Hypochondria

In passing, G & I have both mentioned feeling old over the last week, which was just the spark to ignite my ever-smoldering bonfire of hypochondria. The more I think about it, the funnier it is, which is reason enough to think about it, and yes, blog about it. My profile does promise to bore you with my daily details, and far be it from me to break such a solemn vow.

My complaint du jour is that I’m tired. Really, really tired.

Most people would say, “Well, Addie, you haven’t been getting enough sleep. You go to bed too late, your dogs wake you up at the crack of dawn, and that guy who sleeps in your bed snores like a freight train.” (See how I didn’t mention his name?

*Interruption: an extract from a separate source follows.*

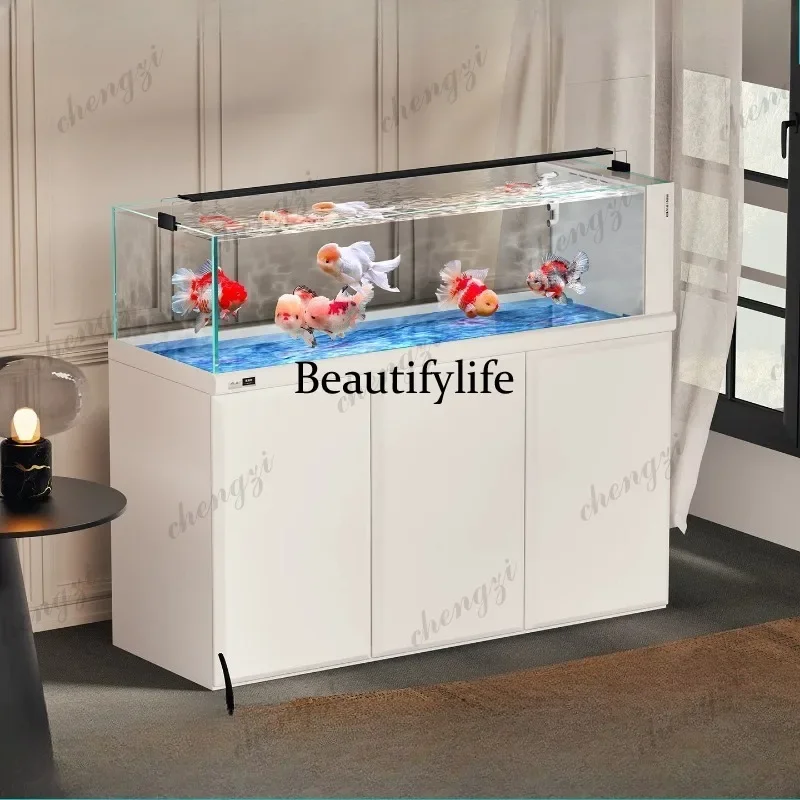 Z138 New 3-layer wet and dry separation living room vertical integrated gold crystal ultra-white glass landscaping goldfish tank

Classy of me, I think.) Anyway, that’s what most people would say.

Here’s what I tell myself, “Well, Addie, this is it. This could be anything…ANYTHING! We’re not as young as we used to be, you know. Adrenal fatigue, sleep apnea, diabetes, anemia, fibromyalgia, or PARASITES. That’s probably it, you know…parasites. Remember that article in Discover Magazine? Disgusting!”

So this is where my internal dialogue nonsense has taken me…to parasites. The very idea is to me as Kryptonite is to Superman, so I’ll probably spend the next couple of hours Googling anti-parasite treatments. I’d better get cracking, though, because I have to get up at oh-dark-thirty tomorrow.

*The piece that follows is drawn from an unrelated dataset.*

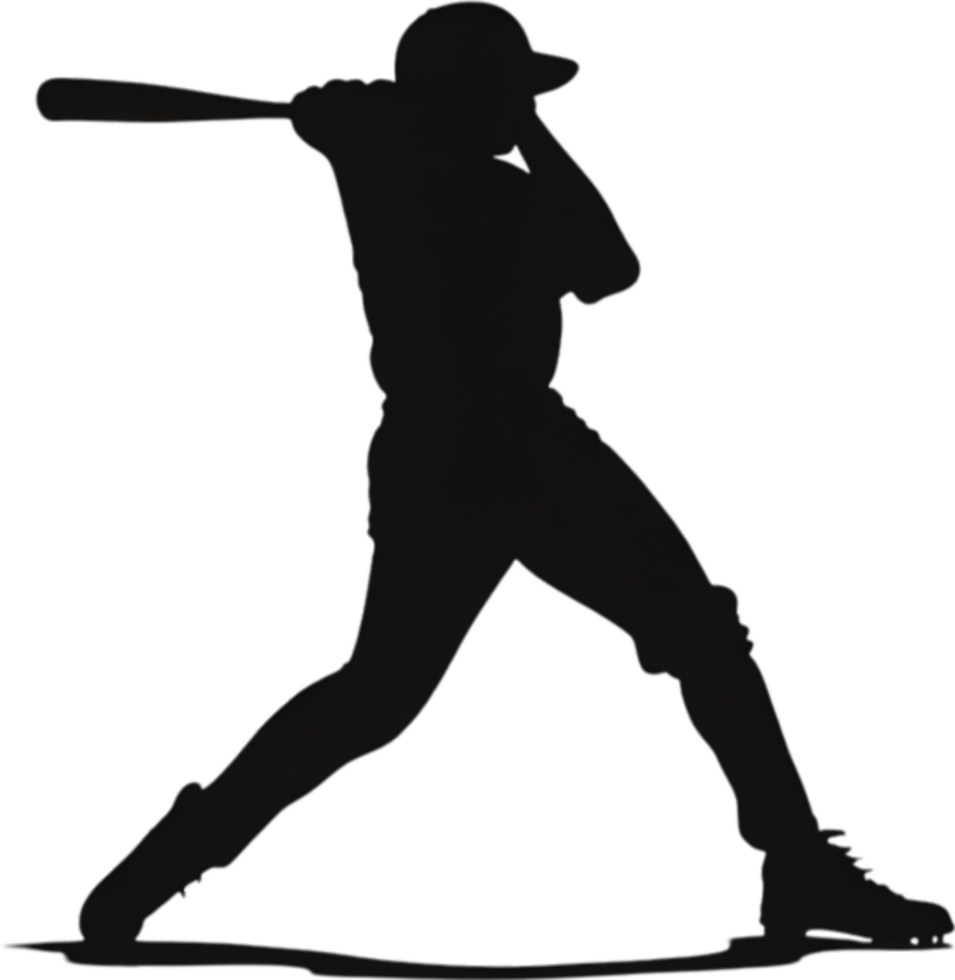 AI generated Silhouette icon of a baseball player. png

Or I could go to bed early, but that’s not going to help these PARASITES, is it?

2 comments:

Never Say Never Greyhounds said...

I'm a germ freak if that makes you feel any better. I clorox wipe my desk everyday and wash my hands a lot!..... and I still got a damn cold!

Jen

Addie said...

That's just not fair that you got a cold after all your precautions - ugh! I'm kind of a hand washing freak myself, especially when I've been handling all those RMBs...I just imagine all kinds of food poisoning and assorted cooties we can get from raw meat. I've also heard that most people's desks (especially keyboards) are dirtier than a toilet seat, which ranks pretty high on the old gross-o-meter. At least you can sleep knowing your desk is WAY cleaner than most. Feel better soon, Jen!